Desemprego e pobreza
Em todo o mundo, o desemprego é outro dos grandes problemas que os jovens enfrentam. E que faz que um em cada quatro – cerca de 300 milhões de pessoas – viva abaixo do limiar da pobreza. Segundo a Organização Internacional de Trabalho (OIT), o número de jovens entre os 15 e 24 anos que estão desempregados aumentou de 71 milhões, em 1995, para 85 milhões, no ano passado. A população juvenil cresceu 13 por cento entre 1995 e 2005, enquanto a disponibilidade de empregos para este segmento da população só registou um crescimento de quatro por cento. Como consequência, os jovens desempregados representam 44 por cento do total de desempregados a nível mundial. Estima-se que sejam necessários 400 milhões de empregos produtivos, ou mais e melhor emprego, para aproveitar o potencial da juventude actual.
«A incapacidade das economias para criar empregos produtivos está a atingir os jovens em todo o mundo», afirma o director-geral da OIT. Segundo Juan Somavia, além de gerar um défice de oportunidades de trabalho e altos níveis de incerteza económica, esta preocupante tendência ameaça desperdiçar um dos principais recursos de qualquer sociedade – a juventude. «Neste momento, estamos a desperdiçar o potencial económico de uma grande parte da população, em especial nos países em desenvolvimento, que são os que menos se podem permitir esse desperdício. Por isso, os países devem concentrar-se nos jovens», preconiza.

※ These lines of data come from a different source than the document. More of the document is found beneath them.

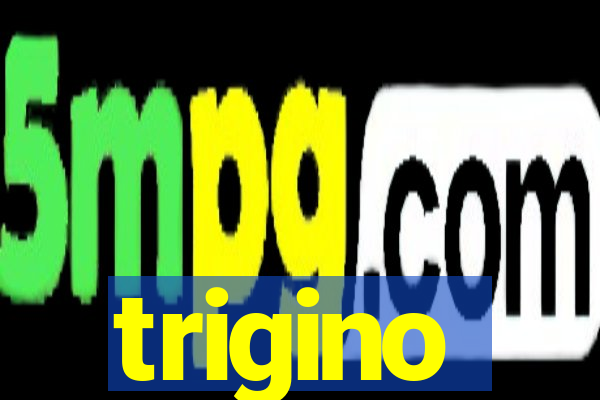 trigino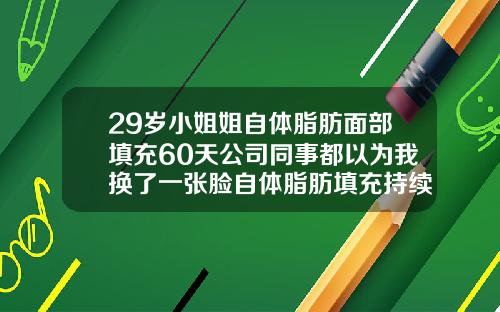 29岁小姐姐自体脂肪面部填充60天公司同事都以为我换了一张脸自体脂肪填充持续多久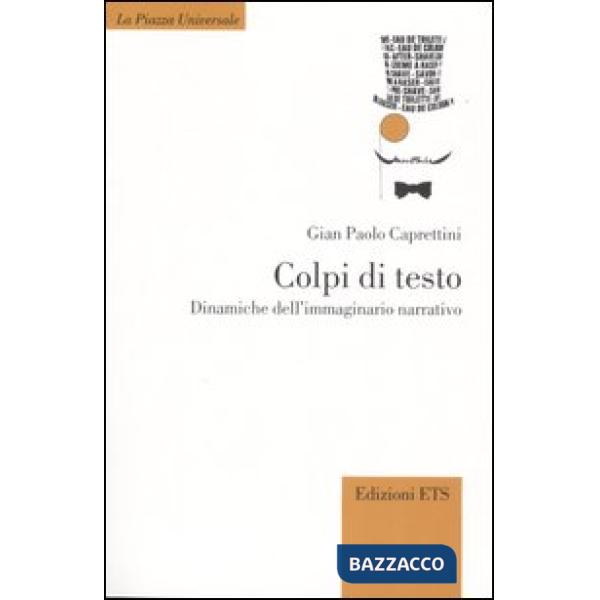 Colpi di testo. Dinamiche dell'immaginario narrativo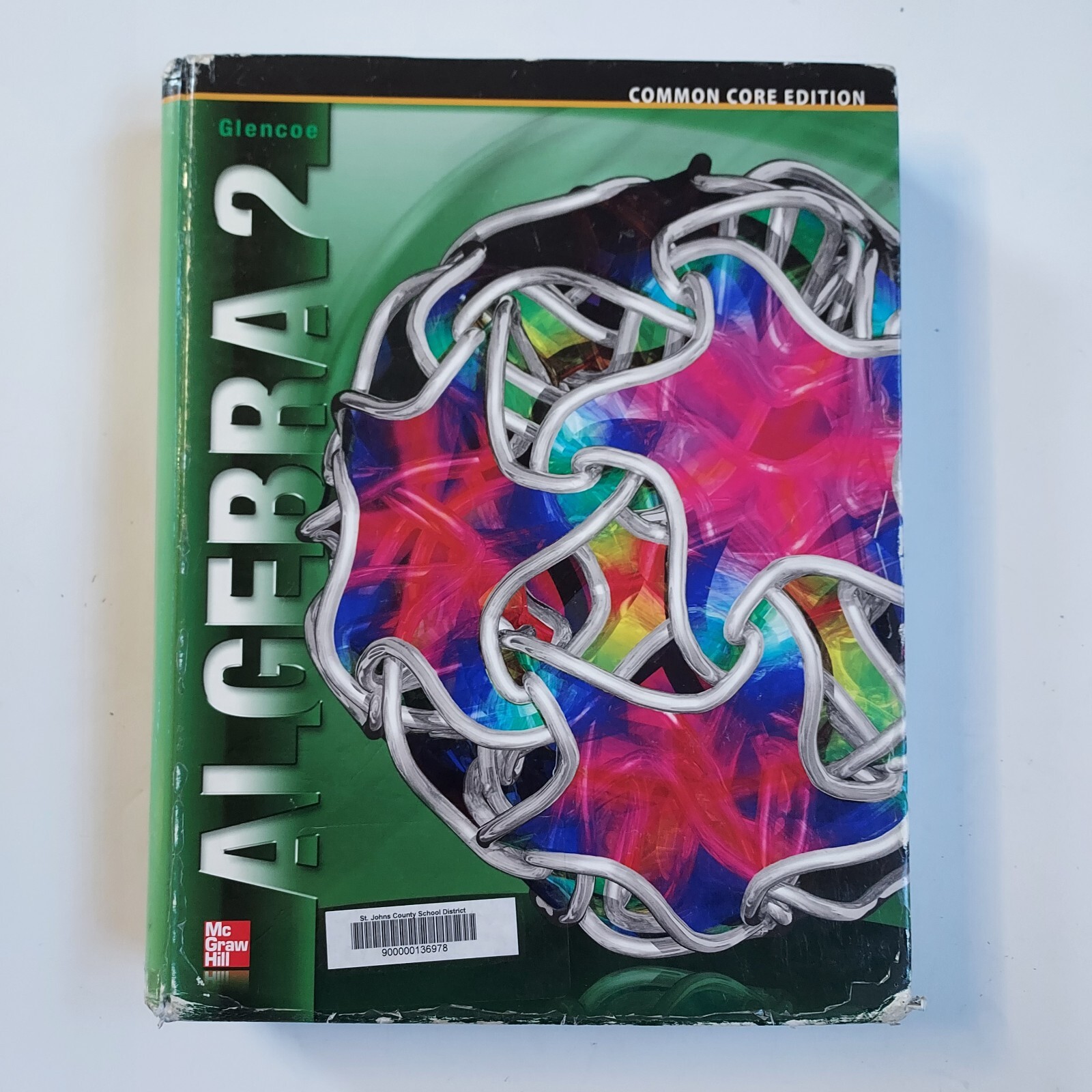 Merrill Algebra 2 Student Edition by McGraw Hill Common Core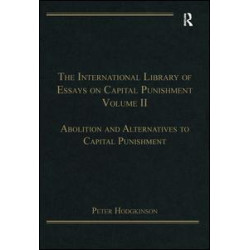 The International Library of Essays on Capital Punishment, Volume 2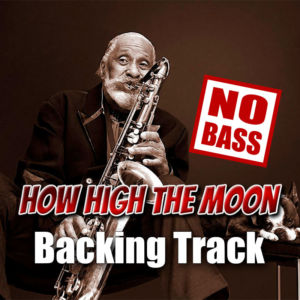 How High The Moon NO BASS Backing Track Jazz – 170bpm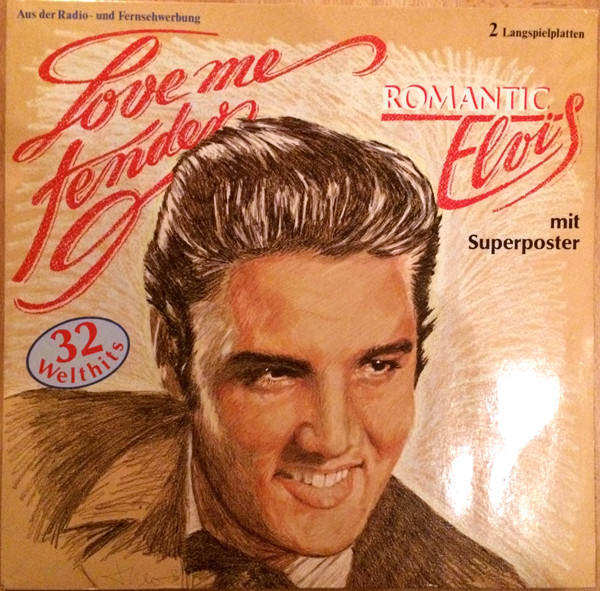 Elvis Presley ‎– Love Me Tender - Romantic Elvis
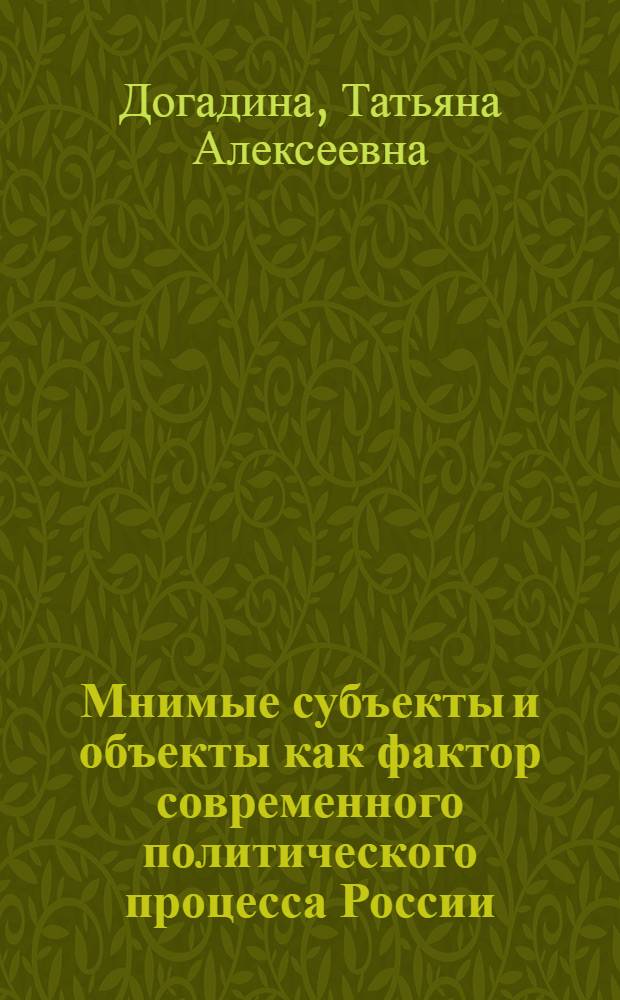 Мнимые субъекты и объекты как фактор современного политического процесса России : автореферат диссертации на соискание ученой степени кандидата политических наук : специальность 23.00.02 <Политические институты, политические процессы и технологии>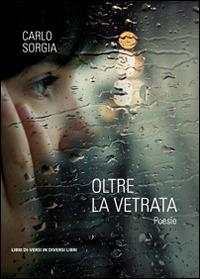 Oltre la vetrara - Carlo Sorgia - copertina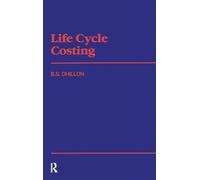 Life Cycle Costing: Techniques, Models and Applications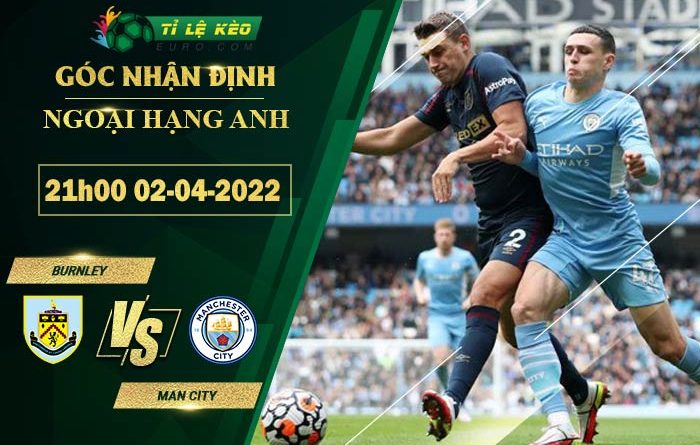 soi kèo Burnley vs Man City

As regiões do Médio Oriente e do Norte de África registam a taxa mais elevada de desemprego juvenil (26 por cento), quase o dobro da que se verifica na União Europeia: 13 por cento. Mesmo nos casos em que existe emprego, isso não quer dizer que assegure o sustento dos jovens. Ainda de acordo com a OIT, a pobreza afecta cerca de 56 por cento dos jovens trabalhadores, que se confrontam também com a possibilidade de ter largas jornadas de trabalho, contratos a termo certo, salários baixos, protecção social reduzida ou inexistente.
Regista-se também um preocupante aumento do número de jovens que não trabalha nem estuda. Na verdade, o acesso à educação continua a ser um problema para muitos e o analfabetismo ainda é um desafio importante em muitos países em desenvolvimento. Os desafios são maiores para as jovens, já que em algumas regiões, devido à tradição cultural, não se lhes concede a oportunidade de conciliar o trabalho doméstico com um emprego.
Mas, apesar de um cenário tantas vezes tão negro, os jovens dispõem de um capital único: não perdem a capacidade de sonhar.